Parece mas não é: É Guarita dá ares de
área particular à rua que leva ao condomínio
Colinas de São Francisco, em SP. Em seu
interior, há um parque municipal .
Na análise da pesquisadora, os bairros de elite de São Paulo se assemelham a cidades medievais, com muros extremamente altos e aparatos de segurança que muitas vezes invadem o espaço público, como a guarita, a cancela e até o fechamento de ruas. O luxuoso condomínio Collinas de São Francisco, na zona oeste de São Paulo, praticamente se apoderou de um logradouro público para garantir a segurança e comodidade de seus moradores. Na “entrada”, seguranças particulares anotam placas dos carros que acessam o local. Nos postes da rede pública de energia há aquelas malfadadas placas, comuns em shopping centers, lojas e supermercados. “Sorria, você está sendo filmado”. Para completar, no interior do condomínio há um belíssimo parque municipal. O problema é que não há nenhuma indicação ou aviso de que a área verde está à disposição da comunidade. O único acesso ao parque é pela entrada da rua vigiada 24 horas por funcionários de uma empresa de segurança. “Não proibimos ou cerceamos o acesso de qualquer pessoa ao parque ou ao condomínio. Nosso único cuidado é oferecer segurança aos moradores. Não vejo nenhum mal nisso”, diz Odair Senra, diretor de incorporações da Gafisa, a construtora do conjunto. Essa não parece ser a opinião da prefeitura. Ao ser informada por ISTOÉ da existência de guaritas que afunilam e dificultam o tráfego na via pública, a Administração Regional do Butantã, responsável pela região, prometeu a retirada e desobstrução do logradouro e também das calçadas ocupadas pelo aparato de segurança.

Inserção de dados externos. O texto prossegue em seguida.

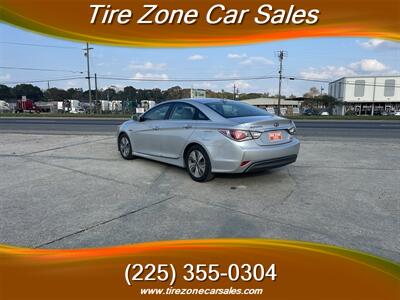2013 Hyundai SONATA Hybrid Limited   - Photo 3 - Baton Rouge, LA 70805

Pistolões – O combate a esse tipo de delito é um desafio rotineiro para os órgãos municipais. Os que não entram em esquemas de suborno passam por problemas sérios. É o caso de Evaldo Gomes dos Santos Filho, 39 anos, 13 dos quais como policial de controle de trânsito nos arredores da praça General Osório, em Ipanema. “Carteirada? Era frequente…”, diz o policial, aposentado aos 38 anos após levar um tiro no braço direito em um assalto. Ele seleciona a história de Agnaldo Timóteo, atualmente incomunicável no programa Casa dos artistas 3, do SBT. O cantor e então vereador estacionou o carro em local proibido e, ao se ver multado por Evaldo, ligou para o 23º Batalhão para denunciar o guarda. “O comandante Soares (na época comandante do referido Batalhão) mandou que eu liberasse o carro e eu disse não. Mantive a multa e fui repreendido”, lembra.
Comigo não: Rosimeri desafiou o desembargadorEduardo Mayr e
multou o carro de seu filho
Assim como o guarda Santos, quem ousa desafiar o jeitinho brasileiro, sofre. É o caso de Horácio Magalhães Gomes, presidente da Sociedade dos Amigos de Copacabana, na zona sul do Rio. Ele já perdeu os cabelos de tanto lutar. “Eu recebo reclamações de todos os tipos. Os casos mais comuns são os de invasão do passeio público por grades, pisos e até bancos impedindo a passagem dos pedestres.” Ele já deu entrada em cerca de 50 processos de invasão e gradeamento das calçadas, todos sem efeito. Segundo ele, as interferências de “pistolões” acabam desviando o rumo dos processos, tornando-os nulos. “Sou advogado e sei que os critérios para indeferir ou deferir meus pleitos são subjetivos, dando margem aos absurdos que estão sendo cometidos. A lei não é cumprida”, constata. Ele alerta para o perigo da desordem generalizada em virtude do medo dos moradores diante das pessoas influentes. “Se a prefeitura não regulamentar de uma forma objetiva a questão das grades, a cidade vai se tornar caótica. A violência acelera o cercamento desordenado e ilícito e a incorporação do espaço público ao patrimônio dos condomínios. “Desse jeito vamos acabar enjaulados”, disse Gomes.